Martin delivered the mail in Marietta for nearly 35 years. But he did so much more.
The dogs and cats on his route could always count on him for a treat. Little kids knew he was always good for a lollipop.
He’d bring the mail inside and visit a minute when a sleep-deprived new mom was juggling laundry and diapers. He’d bring in the newspaper along with the mail so his elderly clients wouldn’t have to walk to the ends of their driveway.
“His presence and smile are such an integral part of our 28 years here,” said Trish Nicolas, one of hundreds of neighbors who turned out for a huge block party in his honor.
Amanda Seals recalled meeting Martin as a new college graduate, when she was living with her grandmother.
“Dementia has set in, and she doesn't see well anymore, but she still knows Floyd,” Seals said.
Martin’s route includes about 500 houses, and many people on his route decorated their mailboxes as a surprise on his last day.

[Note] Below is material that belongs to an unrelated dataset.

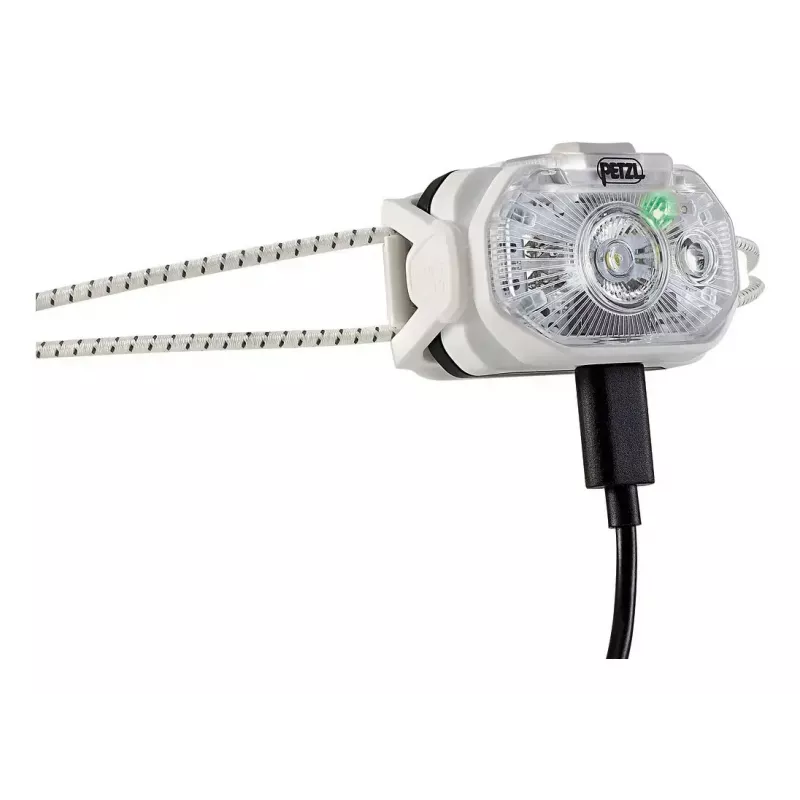 Galvas lukturītis Petzl Swift LT zaļš — LED, IPX4, 880 mAh akumulators, 3 h lampas kalpošanas laiks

Once his final shift was over, everyone gathered for a block party in his honor.
“I’m so filled with joy right now,” he said.
Here’s a thread filled with photos and video clips from last night:
Martin was working at a bank a few years after school when the U.S. Postal Service got in touch. The offer would double his pay. When do I start? he asked.
He didn’t have the “postal pace” at first, and thought about quitting at times. It was his mom’s suggestion that he apply, and her encouragement kept him on the route. He was sad she’s no longer here. How touched she would have been at the hundreds of people who showed up to wish him well.
“Thank you for caring about me. We’ve gone through good times and bad times together,” he said. “You were there when I needed you, even if you didn’t know it.”